**$K$-fold Cross-validation** involves splitting our dataset into $K$ different “folds”. Say, in our example, that we use $K=6$ and divide our dataset into six different folds. First, we use the first fold as our testing set, train on the other five and compute the prediction error of the fitted model. Then, we use the second fold as our testing set and train on the remaining sets, this time also computing the prediction error. Doing this cycle through all $K=6$ folds and averaging the prediction errors gives us our Cross-validation estimate of the prediction error.

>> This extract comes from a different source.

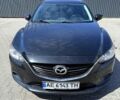 Черный Мазда 6, объемом двигателя 2.5 л и пробегом 208 тыс. км за 10700 $, фото 1 на Automoto.ua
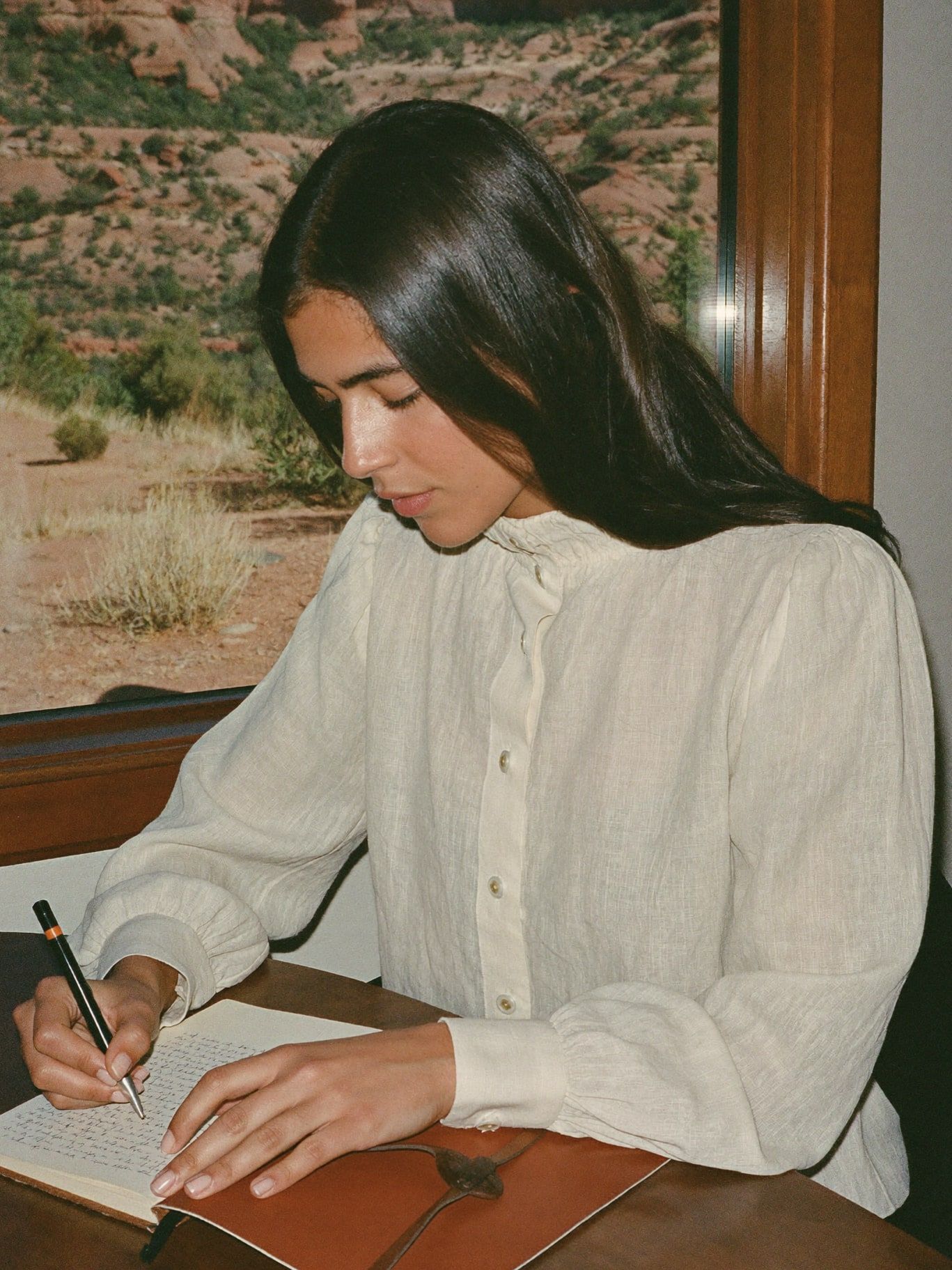 A woman of Middle Eastern descent in her 30s wearing a long-sleeved cream linen blouse, writing in a leather journal at a wooden desk by a window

An illustration of this from Qinkai’s blog:

Denoting the fitted function that excludes the $k$th fold as $\hat f^{-k}(X)$, and defining a function $\kappa:{1,\dots,N}\rightarrow{1,\dots,K}$ that takes in an index of the total dataset and returns the index of the fold containing that datapoint, we can write the Cross-validation estimate of the prediction error as

$$ \text{CV}(\hat f) = \frac{1}{N}\sum_{i=1}^NL\left(y_i, \hat f^{-\kappa(i)}(x_i)\right) .$$

With a set of models indexed by the tuning parameter $\alpha$, we see that

$$ \text{CV}(\hat f,\alpha) = \frac{1}{N}\sum_{i=1}^NL\left(y_i, \hat f^{-\kappa(i)}(x_i, \alpha)\right) $$

is the curve we need to find the minimum of. The value of $\alpha$ minimizing this curve is often denoted $\hat \alpha$, and we now choose our final model to be $f(x,\hat \alpha)$.